# Englander 17-VL - Wood storage under stove - bad idea?



## joecool85 (Nov 16, 2010)

I think I might end up with an Englander 17-VL and I was wondering about how hot it must get underneath the stove in the "wood storage" area.  Seems like it could be a fire hazard maybe?  What do you guys think?


----------



## begreen (Nov 16, 2010)

Not if they have insulated the base and tested in this config. It is pretty common in European designs.


----------



## Renovation (Nov 16, 2010)

BeGreen said:
			
		

> Not if they have insulated the base and tested in this config. It is pretty common in European designs.



I like it!  Though if code is all obsessive about embers falling through a crack within 18" of the door, you'd think this would be verboten.  Not that code is always logical.


----------



## joecool85 (Nov 16, 2010)

Ok, so, second question.  Anyone on here have one of these?  I haven't seen one in person because the local Home Depot doesn't carry that specific model.  I guess at some point I'll have to make a trip to the other HD about an hour away and take a peek.


----------



## Frostbit (Nov 16, 2010)

To me it looks better served as a place for the cat to sleep.
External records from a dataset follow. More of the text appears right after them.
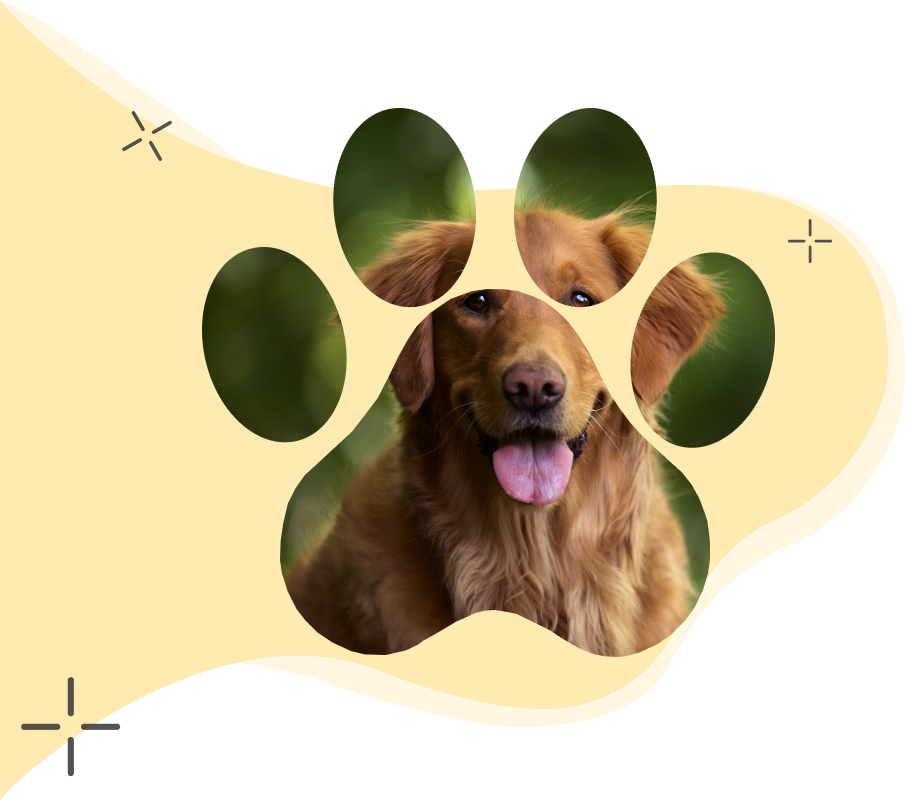 VETS FUR PETS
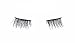 JJMG NEW Magnetic False Accent Eyelashes Ultra Light weight 3D Reusable Feather weight False Accent Eyelashes Natural Look Beauty Enhancer (2 Pairs 8 pieces Style 03 & 04)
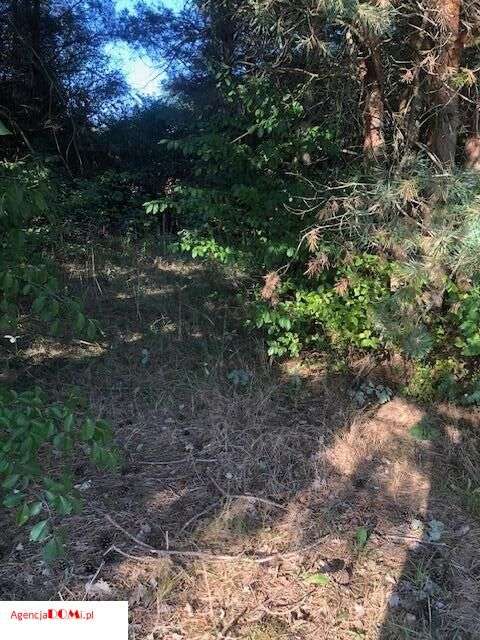 Władysławów(k.Siestrzeni),prąd,gaz,woda,budowlana,-7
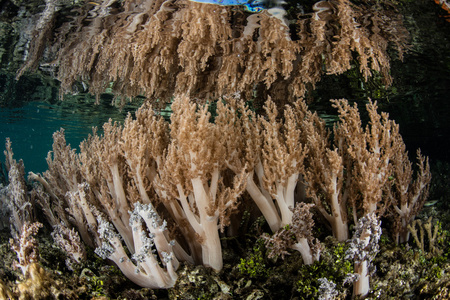 Ampat 的软珊瑚和水表面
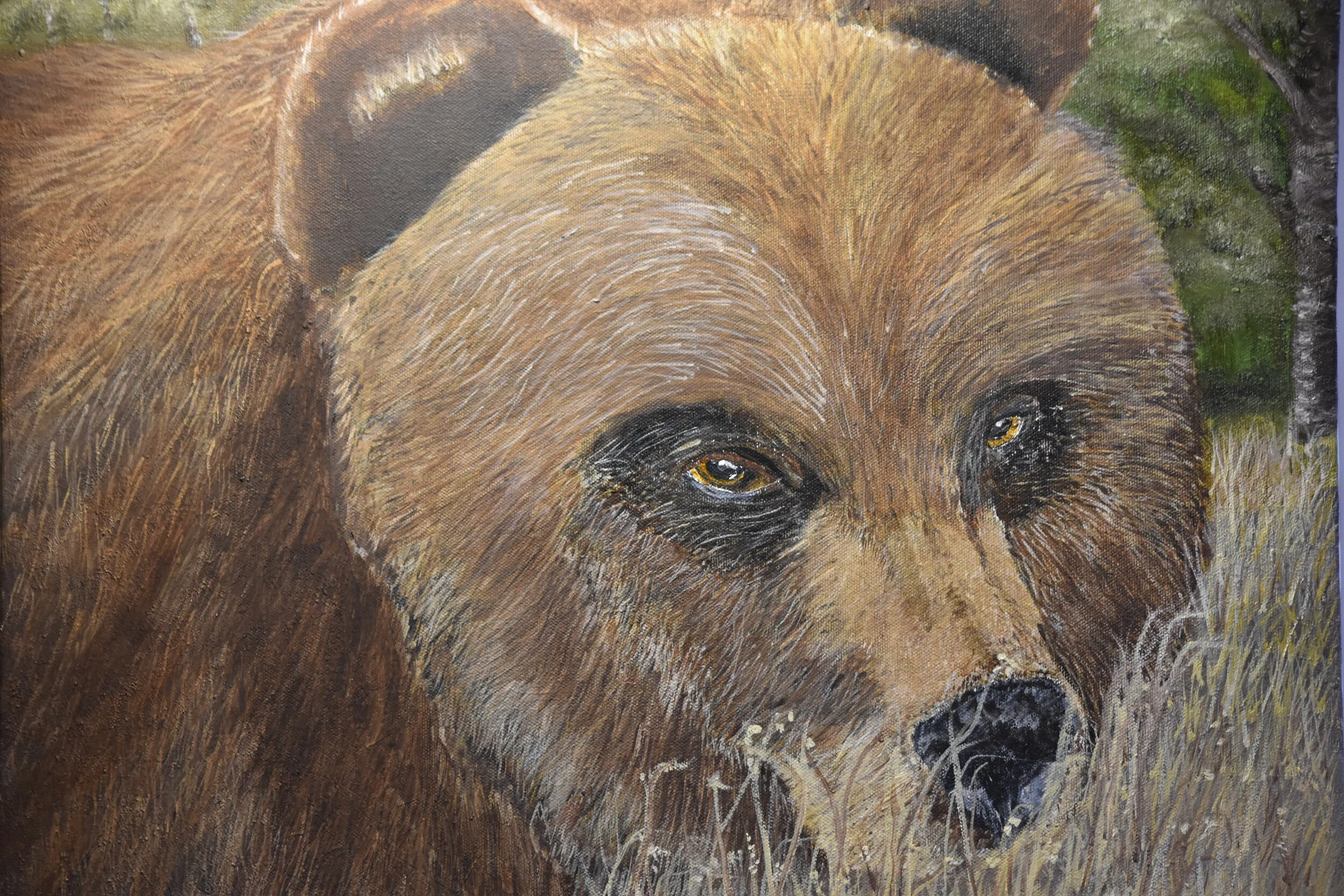 Grizzly on the Bucktail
Hardly big enough to be a wood storage area. You'll still need a rack close by, so why bother?


----------



## RoseRedHoofbeats (Nov 16, 2010)

I plan on putting my ash can there. =P

~Rose


----------



## 48rob (Nov 16, 2010)

The space is very well protected from the stove heat.
The wood/area under the stove, according to my lazer thermometer is 100 degrees with the stove running 400+

There really isn't much room the space is 20" wide and 9.5" tall, but the outside air connection, and air intake also occupy the space.
Works okay for kindling.

The stove has a lip to catch embers, but since the stove is only 12.5" deep, it is possible an ember could end up on wood protruding out the front...

Rob


----------



## cre73 (Nov 16, 2010)

48Rob,
       Curious is that your actual install?


----------



## 48rob (Nov 16, 2010)

> 48Rob,
> Curious is that your actual install?



Yes.


----------



## joecool85 (Nov 17, 2010)

48rob said:
			
		

> > 48Rob,
> > Curious is that your actual install?
> 
> 
> ...



How do you like it?  Also, is that a cement floor it is sitting on or just tile on wood subfloor?


----------



## joecool85 (Nov 17, 2010)

RoseRedHoofbeats said:
			
		

> I plan on putting my ash can there. =P
> 
> ~Rose



When you get it would you mind posting some pictures/info in this thread?  Or post or PM me a link to a new thread?  There doesn't seem to be a lot of info about these neat little stoves and I really like them.


----------



## 48rob (Nov 17, 2010)

> How do you like it?  Also, is that a cement floor it is sitting on or just tile on wood subfloor?



Hi Joe,

  Today is the first full day I've been able to burn (just installed it yesterday...)
It is too soon to be able to say much about it, but thus far I like it very much!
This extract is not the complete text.